Requirement —
Repeat every line from the line containing "Yarım Kol V Yaka Keten Elbise-9164 Lacivert" to the end of the data, exactly. Leave the pictures out.

Dataset entries —
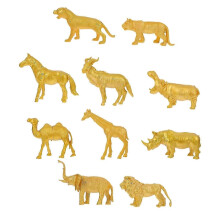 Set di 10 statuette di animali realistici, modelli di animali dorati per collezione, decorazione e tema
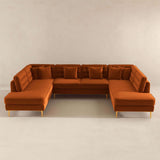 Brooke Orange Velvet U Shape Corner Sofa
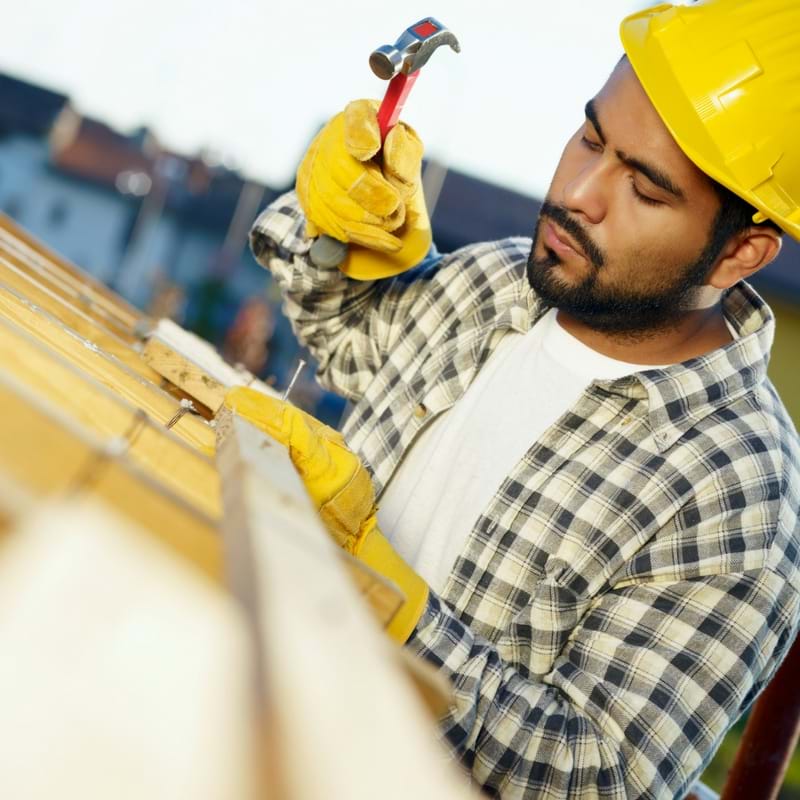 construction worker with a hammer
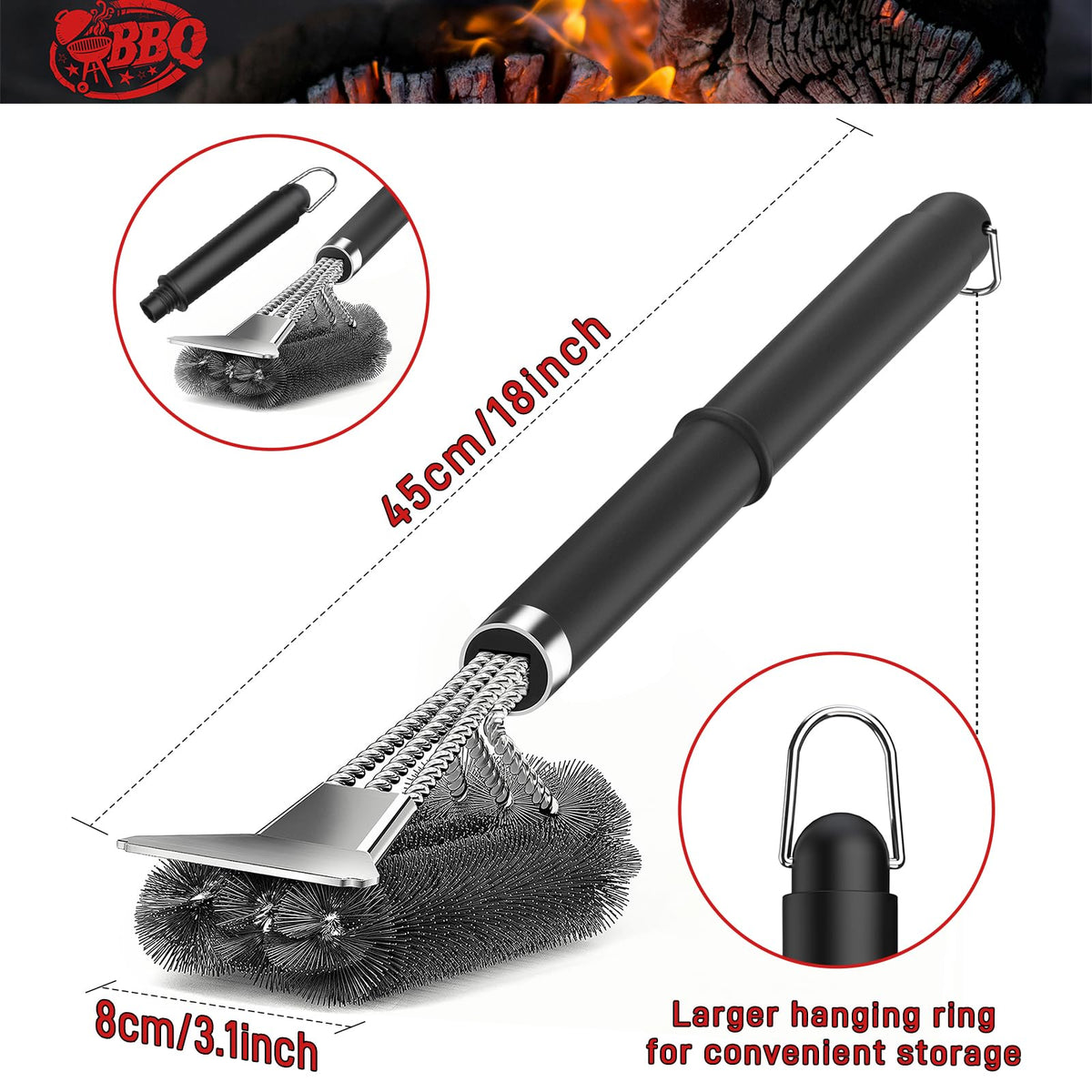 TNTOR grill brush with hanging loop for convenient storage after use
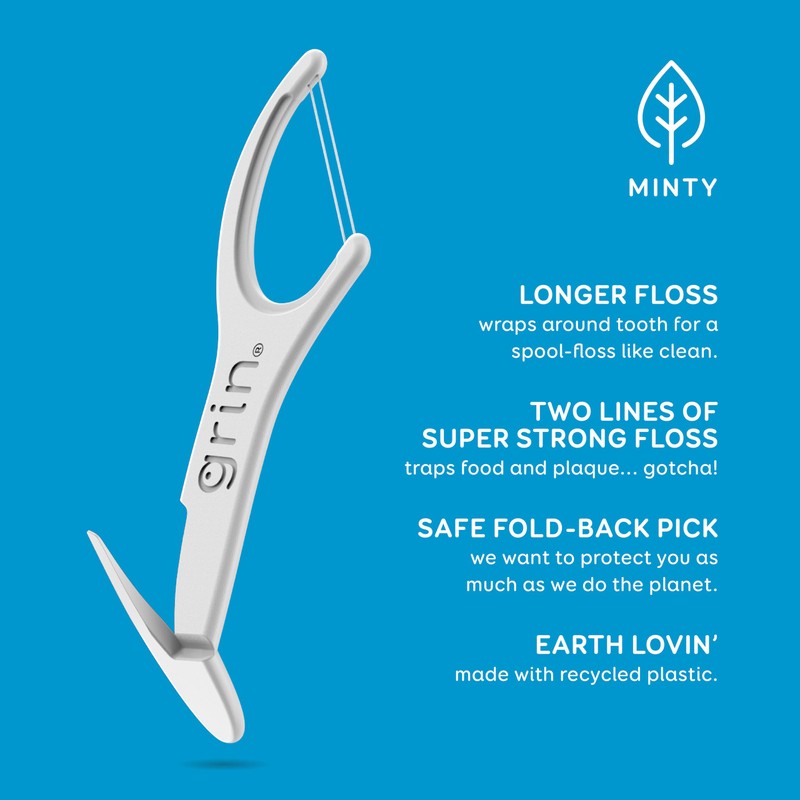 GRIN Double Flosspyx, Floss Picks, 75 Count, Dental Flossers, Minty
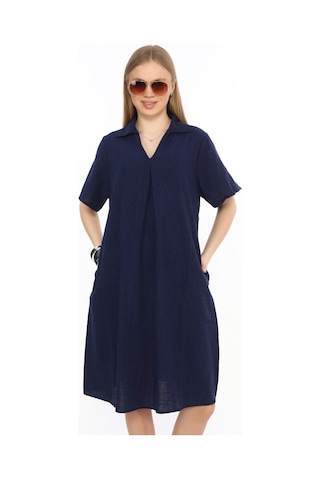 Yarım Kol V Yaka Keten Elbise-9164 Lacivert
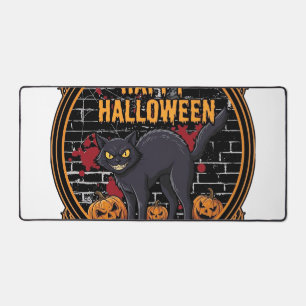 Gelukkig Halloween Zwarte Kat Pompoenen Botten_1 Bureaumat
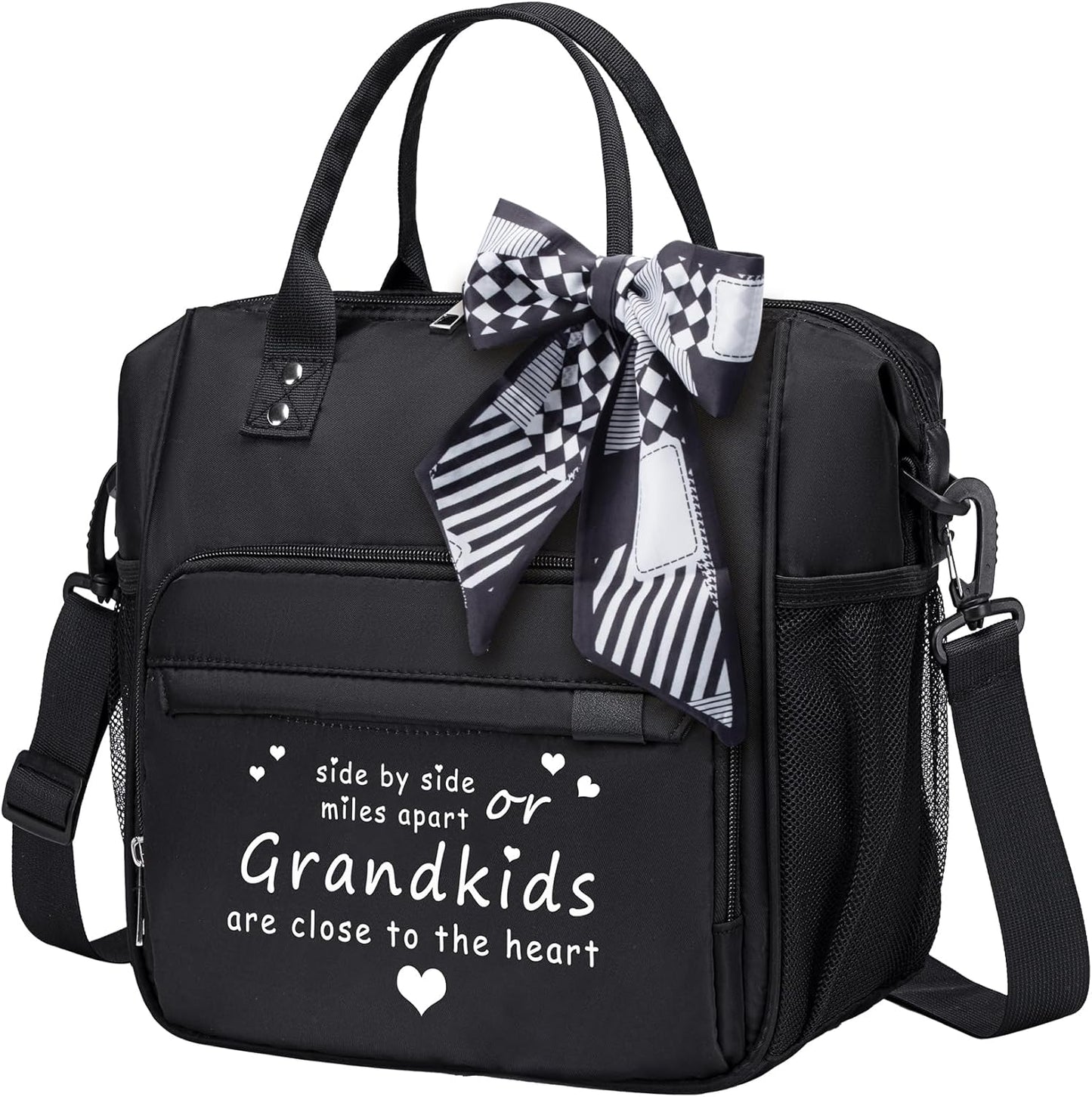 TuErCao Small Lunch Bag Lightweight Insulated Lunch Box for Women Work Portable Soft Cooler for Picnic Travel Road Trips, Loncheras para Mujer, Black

Task result —
 Yarım Kol V Yaka Keten Elbise-9164 Lacivert
 Gelukkig Halloween Zwarte Kat Pompoenen Botten_1 Bureaumat
 TuErCao Small Lunch Bag Lightweight Insulated Lunch Box for Women Work Portable Soft Cooler for Picnic Travel Road Trips, Loncheras para Mujer, Black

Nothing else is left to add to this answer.